WICHITA, Kan. (AP) — Kansas Secretary of State Kris Kobach has no legal right to bar voters who use a federal form to register from casting ballots in local and state elections, a judge ruled Friday.
The summary judgment in Shawnee County District Court came in a lawsuit in which two Kansas voters challenged the so-called “dual registration” system for voters, where those who register to vote using a federal form — which doesn’t require voters to show proof of U.S. citizenship — may only vote in federal races. Voters may only cast ballots in state and local races if they register using the state form, which requires proof of citizenship.
The court found the right to vote under current Kansas law is not tied to the method of registration.
Since January 2013, Kansas has required new voters to show proof of citizenship to register to vote. Kobach later lost a federal lawsuit he brought seeking to force the U.S. election officials to change the federal registration form to require citizenship documentation for Kansas residents, and in response, Kobach instituted the dual voting lists, which took effect in 2014.
Under the dual voting lists, federally registered voters are given a provisional ballot in Kansas and election officials throw out any votes made in local or state races. The judge separately noted such provisional ballots that Kobach mandated for the federally registered voters violate the secrecy of the ballot, especially in smaller precincts where election officials know their neighbors.
“Clearly no such authority exists at all in the Kansas Secretary of State to encumber the voting process as he has done here,” Judge Franklin Theis wrote.
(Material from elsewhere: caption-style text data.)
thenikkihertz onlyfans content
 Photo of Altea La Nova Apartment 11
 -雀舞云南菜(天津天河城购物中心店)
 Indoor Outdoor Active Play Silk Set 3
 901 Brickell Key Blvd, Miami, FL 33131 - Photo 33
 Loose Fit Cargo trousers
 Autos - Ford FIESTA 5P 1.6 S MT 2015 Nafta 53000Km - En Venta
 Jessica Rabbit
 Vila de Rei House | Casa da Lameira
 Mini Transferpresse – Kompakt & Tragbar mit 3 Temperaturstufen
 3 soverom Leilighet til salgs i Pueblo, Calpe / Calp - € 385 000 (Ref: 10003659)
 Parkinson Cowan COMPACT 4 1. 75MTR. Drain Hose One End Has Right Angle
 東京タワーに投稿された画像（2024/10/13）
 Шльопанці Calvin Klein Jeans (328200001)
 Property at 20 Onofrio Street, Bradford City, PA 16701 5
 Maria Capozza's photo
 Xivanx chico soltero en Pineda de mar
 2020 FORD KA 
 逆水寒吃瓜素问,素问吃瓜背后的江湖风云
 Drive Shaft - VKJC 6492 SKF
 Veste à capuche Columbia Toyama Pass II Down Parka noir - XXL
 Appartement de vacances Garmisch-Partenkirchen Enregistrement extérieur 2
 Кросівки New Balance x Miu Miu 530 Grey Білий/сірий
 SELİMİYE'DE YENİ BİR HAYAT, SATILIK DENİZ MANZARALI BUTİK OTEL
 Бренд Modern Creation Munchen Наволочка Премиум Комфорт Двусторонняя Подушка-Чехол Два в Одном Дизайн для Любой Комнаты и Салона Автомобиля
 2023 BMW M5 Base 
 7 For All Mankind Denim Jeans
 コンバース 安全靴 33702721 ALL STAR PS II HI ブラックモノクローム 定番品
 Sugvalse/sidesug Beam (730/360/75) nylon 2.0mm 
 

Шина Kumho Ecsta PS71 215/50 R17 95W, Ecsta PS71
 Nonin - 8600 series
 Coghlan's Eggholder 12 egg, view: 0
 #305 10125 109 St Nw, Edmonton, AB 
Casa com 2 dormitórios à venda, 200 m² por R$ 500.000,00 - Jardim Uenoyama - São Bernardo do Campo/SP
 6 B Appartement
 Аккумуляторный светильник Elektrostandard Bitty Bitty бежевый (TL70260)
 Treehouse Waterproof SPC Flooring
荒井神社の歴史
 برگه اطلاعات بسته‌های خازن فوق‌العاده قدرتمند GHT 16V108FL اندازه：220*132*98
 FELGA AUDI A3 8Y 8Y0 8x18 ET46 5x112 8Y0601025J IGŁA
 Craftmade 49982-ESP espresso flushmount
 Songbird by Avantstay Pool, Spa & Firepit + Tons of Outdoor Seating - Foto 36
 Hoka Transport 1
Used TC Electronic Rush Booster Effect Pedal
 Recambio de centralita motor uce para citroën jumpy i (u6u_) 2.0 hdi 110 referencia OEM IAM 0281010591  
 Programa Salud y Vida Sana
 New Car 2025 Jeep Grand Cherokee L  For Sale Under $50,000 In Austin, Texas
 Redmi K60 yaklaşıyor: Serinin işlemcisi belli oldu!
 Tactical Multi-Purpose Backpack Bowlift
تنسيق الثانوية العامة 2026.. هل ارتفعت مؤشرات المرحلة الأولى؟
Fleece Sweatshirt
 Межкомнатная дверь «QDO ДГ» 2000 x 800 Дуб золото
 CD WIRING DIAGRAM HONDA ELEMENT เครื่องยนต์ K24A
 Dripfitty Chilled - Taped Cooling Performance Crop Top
The court said that Kobach and his deputy, in their effort to enforce their view of the law, overstepped because “the Kansas legislature has yet to pave the way for the implementation of the Secretary’s views,” Theis wrote.
A spokesman for Kobach’s office said Friday they would have no comment on the ruling.
The lawsuit was brought in 2013 on behalf of the two voters by the American Civil Liberties Union. Julie Ebenstein, the ACLU’s Voting Rights Project attorney, said this is the first state court ruling on whether new dual registration system is legal.
She added that if Kobach follows the court’s decision, then other voters in Kansas who registered using the federal form should be able to vote in state and local elections.
Kobach has championed the documentation requirement as a way to prevent non-citizens from voting, particularly immigrants in the U.S. illegally. Critics contend the requirement suppresses turnout.